== Your assignment ==
Go through the listing and write out each line exactly.

== Data excerpt ==
= = = = = = =

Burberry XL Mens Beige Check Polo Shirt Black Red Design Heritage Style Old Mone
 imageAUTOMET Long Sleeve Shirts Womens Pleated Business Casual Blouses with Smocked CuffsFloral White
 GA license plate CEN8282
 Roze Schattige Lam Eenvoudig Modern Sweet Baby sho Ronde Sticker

= = = = = = =

== Result ==
Burberry XL Mens Beige Check Polo Shirt Black Red Design Heritage Style Old Mone
 imageAUTOMET Long Sleeve Shirts Womens Pleated Business Casual Blouses with Smocked CuffsFloral White
 GA license plate CEN8282
 Roze Schattige Lam Eenvoudig Modern Sweet Baby sho Ronde Sticker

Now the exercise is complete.